Catharsis

I feel like writing.  I think a lot. I keep a lot to myself. Maybe this will help.

Sometimes I feel vulnerable. I feel that I will be judged, or maybe even looked down on. I don't know where to even start with all the thoughts that are just jumbled and discombobulated in my head.  I guess there are topics that are more prevalent than others.  Deep breath. Breathe.

Life sucks. That's it. Life is hard. So damn hard. I always imagined things differently. I imagined ME differently.   You try and try and try, and then just end up sinking.  Sinking in a sea of doubt, regrets, wrong decisions, bad choices, and things that are completely out of your control.  I hate that. Control. I want to be in control. I hate not being able to change things when I want to. Is that bad? I don't want to come off as a whiny pessimist that has just been through a few hard times.  Judged. There it is. That feeling of being judged. Judge me.

I always imagined my journey different. I always imagined "bigger", "better" things.  I turn 27 in 9 days.  When I was younger, I thought i would be successful or stable; in control of my life.  Control.
Dammit. That's so hard to swallow. To accept that I'm not in control.  Trust me, there have been so many instances in my life where it didn't matter what I did, what I said,. It just didnt matter. . It wasn't enough. It was out of my control. Period.
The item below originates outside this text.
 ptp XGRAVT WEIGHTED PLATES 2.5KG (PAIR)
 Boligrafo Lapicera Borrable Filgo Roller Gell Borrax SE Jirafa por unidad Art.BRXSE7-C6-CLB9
They say time heals all things. 

I don't know. Maybe i am a pessimist.


Comments

  1. I guess blogger ate my last post. Anyway, I am trying to stop caring so much about what other people think, but you know what? It is HARD. I am just so used to trying to impress people, or look good, or just not make a fool of myself, because what would people think?! It is hard to let go of that thought process. Bear hugs!